◆ **INFORMATION GIVEN**
━━━━━━━━━━━━━━━━

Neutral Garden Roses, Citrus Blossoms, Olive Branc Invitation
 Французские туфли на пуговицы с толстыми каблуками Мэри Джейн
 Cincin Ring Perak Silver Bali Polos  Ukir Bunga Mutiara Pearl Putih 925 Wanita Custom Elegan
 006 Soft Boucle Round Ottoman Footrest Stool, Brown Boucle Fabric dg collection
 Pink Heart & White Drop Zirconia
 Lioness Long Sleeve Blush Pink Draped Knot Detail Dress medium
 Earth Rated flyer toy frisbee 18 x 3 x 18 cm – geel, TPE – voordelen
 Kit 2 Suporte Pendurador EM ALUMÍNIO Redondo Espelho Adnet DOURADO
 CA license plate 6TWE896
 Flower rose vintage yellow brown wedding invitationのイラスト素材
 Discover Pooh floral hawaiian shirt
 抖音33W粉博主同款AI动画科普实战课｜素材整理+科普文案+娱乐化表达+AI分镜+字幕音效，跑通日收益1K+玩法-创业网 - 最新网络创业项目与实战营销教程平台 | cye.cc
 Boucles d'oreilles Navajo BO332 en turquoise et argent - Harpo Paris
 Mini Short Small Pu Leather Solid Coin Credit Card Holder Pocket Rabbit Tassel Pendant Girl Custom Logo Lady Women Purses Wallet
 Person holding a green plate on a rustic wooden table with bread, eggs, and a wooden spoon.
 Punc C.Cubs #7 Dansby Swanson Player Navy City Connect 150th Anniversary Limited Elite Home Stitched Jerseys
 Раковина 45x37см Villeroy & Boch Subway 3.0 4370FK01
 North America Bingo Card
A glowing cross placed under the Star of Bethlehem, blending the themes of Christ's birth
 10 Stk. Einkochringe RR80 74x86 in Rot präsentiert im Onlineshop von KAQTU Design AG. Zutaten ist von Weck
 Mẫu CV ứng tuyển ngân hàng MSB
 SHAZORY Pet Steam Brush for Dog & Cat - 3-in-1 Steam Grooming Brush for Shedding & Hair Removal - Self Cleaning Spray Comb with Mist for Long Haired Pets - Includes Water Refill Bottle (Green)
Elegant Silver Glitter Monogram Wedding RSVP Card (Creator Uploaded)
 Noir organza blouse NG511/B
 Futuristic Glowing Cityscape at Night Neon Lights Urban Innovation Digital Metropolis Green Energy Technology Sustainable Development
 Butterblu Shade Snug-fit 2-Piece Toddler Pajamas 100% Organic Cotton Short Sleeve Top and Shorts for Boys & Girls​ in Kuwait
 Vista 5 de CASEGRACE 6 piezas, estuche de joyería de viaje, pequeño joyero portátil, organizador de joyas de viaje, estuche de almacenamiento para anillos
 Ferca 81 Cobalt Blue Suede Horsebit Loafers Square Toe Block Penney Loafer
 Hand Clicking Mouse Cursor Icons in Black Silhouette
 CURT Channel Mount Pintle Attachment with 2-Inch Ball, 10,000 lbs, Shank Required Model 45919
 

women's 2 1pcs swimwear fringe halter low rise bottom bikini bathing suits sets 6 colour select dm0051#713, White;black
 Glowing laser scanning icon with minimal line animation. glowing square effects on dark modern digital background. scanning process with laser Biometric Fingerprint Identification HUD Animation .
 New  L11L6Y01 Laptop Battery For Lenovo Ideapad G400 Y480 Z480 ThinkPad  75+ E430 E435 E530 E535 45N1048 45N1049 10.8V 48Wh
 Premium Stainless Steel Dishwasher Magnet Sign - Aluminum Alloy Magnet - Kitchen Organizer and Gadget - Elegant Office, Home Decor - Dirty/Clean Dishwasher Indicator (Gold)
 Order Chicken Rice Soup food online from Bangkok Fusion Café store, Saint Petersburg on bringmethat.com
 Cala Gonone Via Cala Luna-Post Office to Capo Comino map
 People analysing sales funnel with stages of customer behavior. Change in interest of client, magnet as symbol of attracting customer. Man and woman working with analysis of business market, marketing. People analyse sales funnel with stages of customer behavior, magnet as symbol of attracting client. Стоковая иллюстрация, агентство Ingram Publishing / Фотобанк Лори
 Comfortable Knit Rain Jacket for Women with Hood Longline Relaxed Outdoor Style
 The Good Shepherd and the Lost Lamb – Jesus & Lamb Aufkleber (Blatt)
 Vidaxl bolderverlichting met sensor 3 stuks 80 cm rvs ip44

━━━━━━━━━━━━━━━━

◆ **WORK ITEM**
Lines of the listing above that include the string "Sleeve" should each be copied.

◆ **EXPECTED ANSWER**
 Lioness Long Sleeve Blush Pink Draped Knot Detail Dress medium
 Butterblu Shade Snug-fit 2-Piece Toddler Pajamas 100% Organic Cotton Short Sleeve Top and Shorts for Boys & Girls​ in Kuwait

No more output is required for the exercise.